Vector search systems have traditionally treated storage primarily as a persistence layer for vector datasets and index recovery, while relying on DRAM-resident structures for active query execution. As vector datasets continue to scale beyond practical memory limits, modern NVMe storage provides an opportunity to rethink this model by enabling graph-based approximate nearest neighbor (ANN) indexes to actively participate in the online search path rather than serving only as cold storage or index reload media. With its combination of low latency, high parallelism, density, persistence, and cost efficiency, NVMe has become an increasingly viable medium for scalable storage-aware vector search architectures.
This session explores the evolution of DiskANN toward a storage-aware provider architecture for vector search. Instead of tightly coupling vector, graph, and metadata management to a monolithic ANN implementation, the architecture enables indexing and search logic to interact with provider interfaces for vectors, edge lists, quantization data, and metadata services while preserving storage-aware query behavior and NVMe optimization principles.

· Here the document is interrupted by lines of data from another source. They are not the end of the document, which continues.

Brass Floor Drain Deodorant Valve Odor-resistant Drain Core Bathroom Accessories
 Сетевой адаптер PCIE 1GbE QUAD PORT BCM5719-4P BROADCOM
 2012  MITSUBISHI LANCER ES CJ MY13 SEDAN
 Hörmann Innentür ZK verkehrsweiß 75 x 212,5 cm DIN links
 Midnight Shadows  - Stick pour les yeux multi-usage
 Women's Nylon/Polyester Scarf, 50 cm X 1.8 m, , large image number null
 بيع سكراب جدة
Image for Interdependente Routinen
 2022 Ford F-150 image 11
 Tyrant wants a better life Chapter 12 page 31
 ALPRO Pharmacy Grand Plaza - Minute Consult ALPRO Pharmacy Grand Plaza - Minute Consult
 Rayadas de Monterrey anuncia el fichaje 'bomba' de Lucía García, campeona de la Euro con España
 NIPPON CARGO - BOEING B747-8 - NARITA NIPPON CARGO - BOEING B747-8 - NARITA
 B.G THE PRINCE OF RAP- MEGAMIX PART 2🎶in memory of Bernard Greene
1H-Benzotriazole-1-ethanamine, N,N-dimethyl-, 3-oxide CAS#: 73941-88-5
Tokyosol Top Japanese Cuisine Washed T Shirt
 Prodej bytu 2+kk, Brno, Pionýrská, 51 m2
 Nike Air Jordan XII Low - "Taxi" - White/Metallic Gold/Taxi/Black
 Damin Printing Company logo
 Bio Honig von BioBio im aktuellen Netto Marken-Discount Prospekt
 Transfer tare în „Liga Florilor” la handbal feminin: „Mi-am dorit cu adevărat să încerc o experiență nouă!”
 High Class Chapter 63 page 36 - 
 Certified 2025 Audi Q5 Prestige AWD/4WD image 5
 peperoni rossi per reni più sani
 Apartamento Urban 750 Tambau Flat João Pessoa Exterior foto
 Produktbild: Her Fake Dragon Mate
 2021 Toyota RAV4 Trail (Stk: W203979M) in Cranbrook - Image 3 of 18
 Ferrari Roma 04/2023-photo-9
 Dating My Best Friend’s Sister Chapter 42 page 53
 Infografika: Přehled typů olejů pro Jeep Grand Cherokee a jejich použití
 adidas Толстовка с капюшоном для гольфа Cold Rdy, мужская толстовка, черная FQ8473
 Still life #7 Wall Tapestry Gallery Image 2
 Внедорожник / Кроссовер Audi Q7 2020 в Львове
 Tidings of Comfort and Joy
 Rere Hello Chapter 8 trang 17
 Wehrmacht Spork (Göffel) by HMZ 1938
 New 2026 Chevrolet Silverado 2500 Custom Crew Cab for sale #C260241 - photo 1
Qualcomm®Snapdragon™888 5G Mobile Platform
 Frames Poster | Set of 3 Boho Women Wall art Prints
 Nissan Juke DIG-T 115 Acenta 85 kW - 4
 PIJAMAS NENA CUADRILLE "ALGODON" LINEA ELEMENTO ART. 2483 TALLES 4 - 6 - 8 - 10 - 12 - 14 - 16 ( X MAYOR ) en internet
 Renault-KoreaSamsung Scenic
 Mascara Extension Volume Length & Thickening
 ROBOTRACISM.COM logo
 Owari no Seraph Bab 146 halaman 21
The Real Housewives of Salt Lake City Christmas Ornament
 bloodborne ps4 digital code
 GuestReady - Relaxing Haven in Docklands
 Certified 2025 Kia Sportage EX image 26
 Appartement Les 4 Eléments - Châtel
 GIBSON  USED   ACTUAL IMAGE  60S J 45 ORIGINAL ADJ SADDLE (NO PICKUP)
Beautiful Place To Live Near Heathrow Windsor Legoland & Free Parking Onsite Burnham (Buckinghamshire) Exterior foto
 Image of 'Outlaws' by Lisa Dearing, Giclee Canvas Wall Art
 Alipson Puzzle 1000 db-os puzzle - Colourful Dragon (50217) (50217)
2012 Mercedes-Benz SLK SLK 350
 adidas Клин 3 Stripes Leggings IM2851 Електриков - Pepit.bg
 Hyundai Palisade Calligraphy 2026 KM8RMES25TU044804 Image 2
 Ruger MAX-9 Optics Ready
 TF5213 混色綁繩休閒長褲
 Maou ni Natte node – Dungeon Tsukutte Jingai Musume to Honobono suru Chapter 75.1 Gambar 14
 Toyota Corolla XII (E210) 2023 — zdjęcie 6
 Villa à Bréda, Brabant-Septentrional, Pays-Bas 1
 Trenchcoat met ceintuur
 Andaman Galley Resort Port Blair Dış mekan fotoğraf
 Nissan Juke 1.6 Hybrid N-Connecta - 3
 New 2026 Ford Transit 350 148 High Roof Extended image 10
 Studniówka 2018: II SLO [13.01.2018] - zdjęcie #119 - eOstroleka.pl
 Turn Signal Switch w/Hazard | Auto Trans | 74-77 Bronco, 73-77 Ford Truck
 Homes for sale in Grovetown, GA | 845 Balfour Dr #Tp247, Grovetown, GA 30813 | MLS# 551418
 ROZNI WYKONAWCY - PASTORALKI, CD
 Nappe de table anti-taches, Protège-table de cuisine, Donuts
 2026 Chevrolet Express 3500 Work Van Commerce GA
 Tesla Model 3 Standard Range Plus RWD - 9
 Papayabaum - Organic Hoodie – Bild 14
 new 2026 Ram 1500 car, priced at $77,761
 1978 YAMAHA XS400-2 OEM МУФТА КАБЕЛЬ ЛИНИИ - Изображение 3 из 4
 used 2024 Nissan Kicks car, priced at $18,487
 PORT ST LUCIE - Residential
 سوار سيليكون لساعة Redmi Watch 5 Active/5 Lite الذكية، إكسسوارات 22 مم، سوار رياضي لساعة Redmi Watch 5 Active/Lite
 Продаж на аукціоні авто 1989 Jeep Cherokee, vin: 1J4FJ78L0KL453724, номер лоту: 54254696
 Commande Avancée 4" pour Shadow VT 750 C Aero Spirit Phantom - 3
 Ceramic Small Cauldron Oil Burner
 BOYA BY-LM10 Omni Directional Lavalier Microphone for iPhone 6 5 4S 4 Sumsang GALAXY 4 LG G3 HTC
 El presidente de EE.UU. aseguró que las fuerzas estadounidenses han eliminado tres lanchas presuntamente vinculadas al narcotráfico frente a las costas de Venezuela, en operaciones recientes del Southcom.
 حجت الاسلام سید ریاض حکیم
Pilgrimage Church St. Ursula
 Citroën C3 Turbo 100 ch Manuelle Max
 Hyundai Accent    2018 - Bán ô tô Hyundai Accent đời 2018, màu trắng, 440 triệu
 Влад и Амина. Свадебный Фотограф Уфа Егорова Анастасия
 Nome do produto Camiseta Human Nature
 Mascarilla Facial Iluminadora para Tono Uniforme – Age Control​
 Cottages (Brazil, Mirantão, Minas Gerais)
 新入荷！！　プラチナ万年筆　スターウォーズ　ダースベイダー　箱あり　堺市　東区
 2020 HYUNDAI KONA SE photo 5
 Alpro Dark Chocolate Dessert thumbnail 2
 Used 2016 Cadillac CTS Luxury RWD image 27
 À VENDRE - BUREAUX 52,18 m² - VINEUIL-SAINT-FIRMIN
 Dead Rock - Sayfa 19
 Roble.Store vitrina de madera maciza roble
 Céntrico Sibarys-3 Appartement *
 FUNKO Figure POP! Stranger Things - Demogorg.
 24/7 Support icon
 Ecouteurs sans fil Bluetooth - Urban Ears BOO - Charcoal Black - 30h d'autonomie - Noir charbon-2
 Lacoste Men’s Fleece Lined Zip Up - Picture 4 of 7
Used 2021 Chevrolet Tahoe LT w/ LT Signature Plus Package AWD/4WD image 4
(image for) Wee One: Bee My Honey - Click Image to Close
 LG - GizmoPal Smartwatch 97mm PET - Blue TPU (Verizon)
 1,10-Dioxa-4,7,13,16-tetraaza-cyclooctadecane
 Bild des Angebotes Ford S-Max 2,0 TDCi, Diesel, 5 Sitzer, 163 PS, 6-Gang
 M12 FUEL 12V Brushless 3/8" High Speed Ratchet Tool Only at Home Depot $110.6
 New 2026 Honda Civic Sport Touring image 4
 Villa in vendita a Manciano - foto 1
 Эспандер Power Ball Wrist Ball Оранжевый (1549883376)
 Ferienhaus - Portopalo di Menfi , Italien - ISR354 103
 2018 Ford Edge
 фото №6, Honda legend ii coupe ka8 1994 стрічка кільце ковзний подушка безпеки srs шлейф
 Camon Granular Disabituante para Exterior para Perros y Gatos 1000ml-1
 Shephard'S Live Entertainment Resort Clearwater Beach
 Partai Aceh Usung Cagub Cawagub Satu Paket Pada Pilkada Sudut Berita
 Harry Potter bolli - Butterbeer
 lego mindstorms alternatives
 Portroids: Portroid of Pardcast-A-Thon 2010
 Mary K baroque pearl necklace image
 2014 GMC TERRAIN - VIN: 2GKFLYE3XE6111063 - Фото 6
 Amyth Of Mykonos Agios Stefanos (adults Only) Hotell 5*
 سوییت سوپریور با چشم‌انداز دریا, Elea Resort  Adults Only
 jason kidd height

Particular focus is placed on the continued relevance of NVMe storage for vector search workloads, including graph locality, random-read amplification, tiered storage placement, and cost-efficient scaling beyond DRAM-only architectures. The session also discusses how provider-based integration enables research and production convergence while simplifying adoption across emerging AI and vector database environments.
A proof-of-concept deployment will demonstrate the provider-based architecture operating across multiple storage backends and storage tiers while leveraging NVMe as a foundational component of scalable vector infrastructure. The session will include example indexing workflows, search execution, and integration patterns illustrating how DiskANN can evolve beyond standalone SSD-resident libraries into a flexible storage-aware vector search framework.
Attendees will leave with a practical understanding of storage-aware ANN architecture design, tradeoffs involved in NVMe-based vector indexing, and integration patterns for scalable vector search across modern storage and AI platforms.